‘Toy library’ promotes cleanup AND creativity

Hedra's amazing system of toy organization is so…so…amazing, it's a wonder we don't all do this.

To contend with the overflow of toys, without violating the principle of ownership (that is, the toys belong to them, not us), we instituted a toy library.

In the basement, we have a bunch of shelving units (Sears, plastic utility shelves), on which are large rubbermaid bins. The bins are labeled with things like 'dressup' and 'vehicles'. This is the toy library.

Children may check toys out of the library in any quantity at any time, provided they check an equal number of toys back in at that time. You don't even get to go into the toy library unless you have a toy or two (or six) in your hands, to turn in (No promising to turn something in later, it is too much to ask them to remember). Even the 2-year olds are starting to grasp this idea.

Additional functions of the toy library:

Toy timeout home. When toys are left on the floor after cleanup time, they go to the library for time out. That is, they get left in the timeout box until such time as I can sort them back into their appropriate bins. That technically is supposed to be a week. It functionally is longer than that. If you want a toy to remain available, it has to be put away. If they cannot or don't wish to clean up every little thing, that just means there's too much out in the first place, or the toy has lost its joy for the moment. No biggie. Toy timeout helps prune that down to a level that they can manage, and removes the less popular items from circulation (and from underfoot).

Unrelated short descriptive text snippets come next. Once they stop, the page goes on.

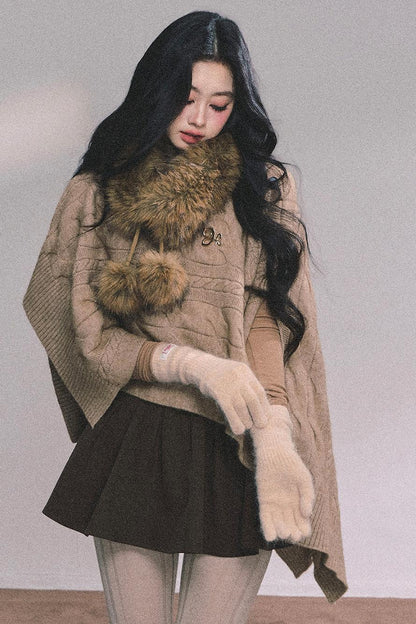 Twist Gray Knit Sweater Cloak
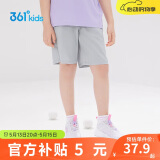 361°儿童短裤夏季男女童3-12岁透气运动裤梭织五分裤 灰 140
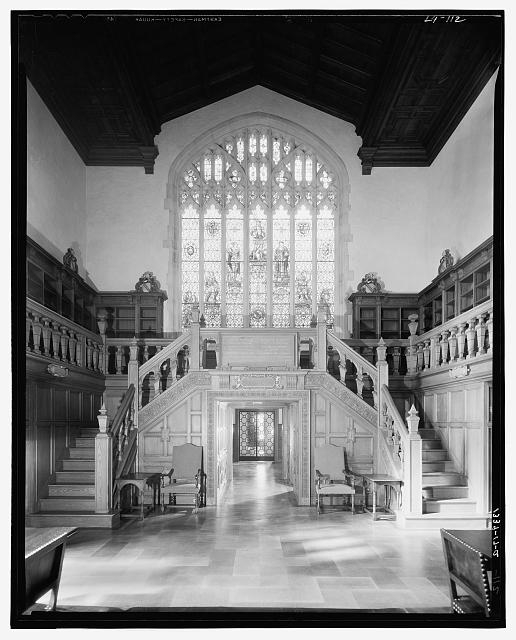Folger Library interiors. West end of reading room at...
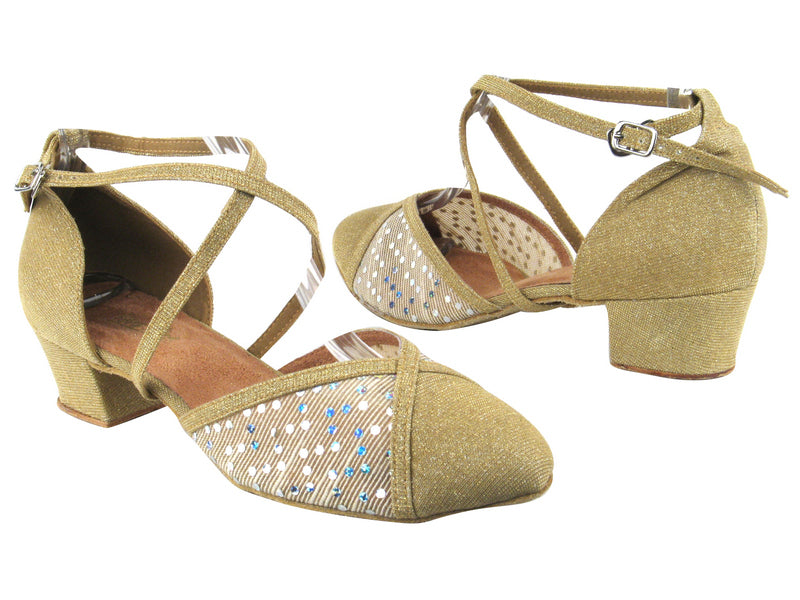 9622 106 Glitter Gold Satin_129 Mesh with 1.5" Heel in the photo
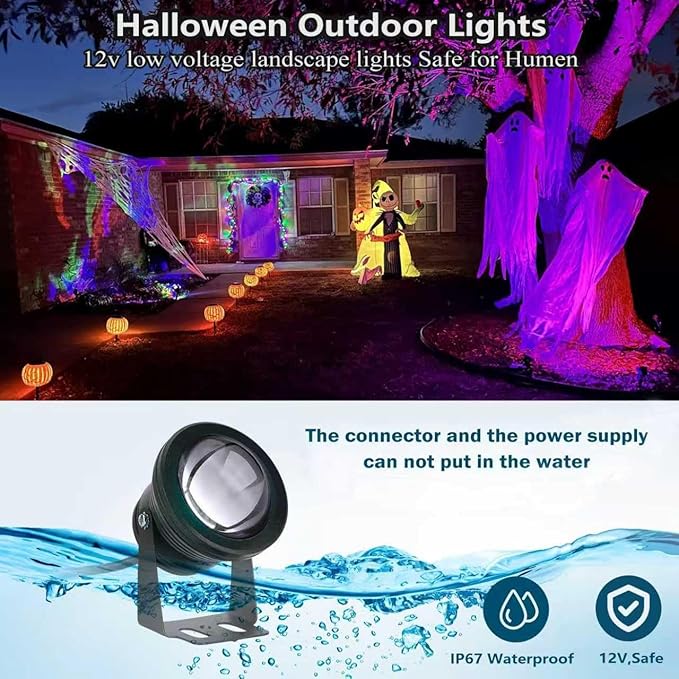 Outdoor Lights,10w Spot Lights Outdoor with US Plug and Remote Control,Dimmable Halloween Decor Christmas Lights Outdoor,Waterproof Spotlight with Timer（Light Color is Mixed, NOT Pure RGB）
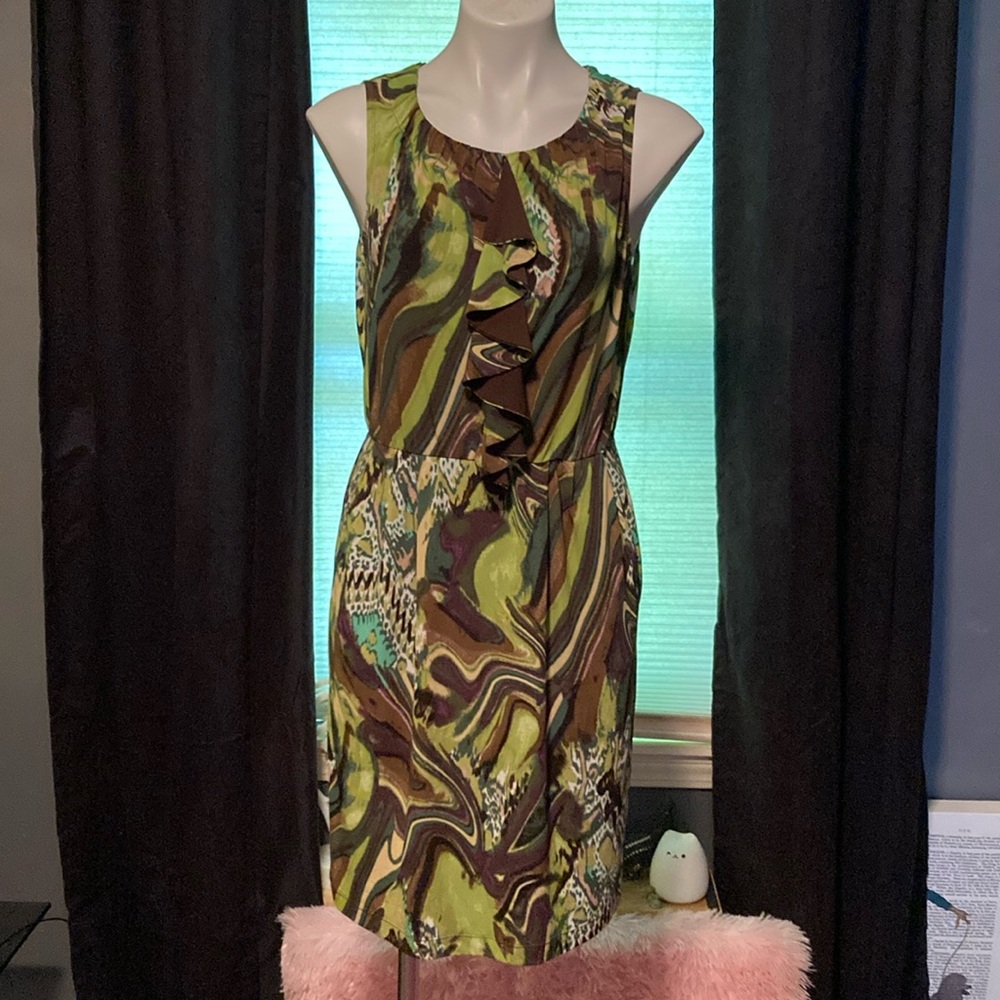 Rabbit Rabbit Rabbit acrylic pour pattern ruffle front gathered neckline dress 8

That the toys aren't destroyed/thrown out/given away takes the fear out of the process, lets them retain ownership, but keeps me from suffering. Win-win!

Filter for toys parents dislike/disapprove of. Some things end up in the toy library more often than others. And some toys end up at the bottom of the toy library bin, under a bunch of other things that we prefer they play with. There's ownership, but there's also some sneakiness in parenting. Hmm, where IS that annoying toy that beeps? Must be in the toy library! Go look. Oh, look, you found something
more interesting than that (higher up in the bin). That's cool.

Reminder for relatives that buying more 'stuff' is not helpful. Especially if you get them to help you either make the shelves or sort things into the bins when they visit.

Easier to sort from for donations, garage sales, etc. This is still at the kids' discretion, since they own the toys, but seeing that they have two bins full of stuffed toys they aren't playing with may make it easier to donate a few to the kids in Iraq.

Enchances creative play through effective employment of laziness. You could pretend the stick you found in the yard is a sword, or you could go find a toy to bring down to the toy library, fish through the weapons box for the right sword, and then bring it outside. Sticks win far more often than I'd expected. As does swinging on the swings, climbing the boulder, and playing pirate on the playset.

Caveat: No matter how much everyone understands the rules, and swears they're following the rules, there is still 'toy creep'. More ends up in the living room than started there a week or two earlier. However, this is still vastly less than otherwise, AND it is simple to just pick up a load of stuff that is not in active use, and take it back to the library. No panic and pleading from the kids, once they understand they can get it out again if they need it.


  1. Atlanta Jill says

    We do this on a smaller more casual level with only two kids. Hedra has to be organized with her crew! I especially like the ability to hide the stuff I dislike and encourage them to forget it exists!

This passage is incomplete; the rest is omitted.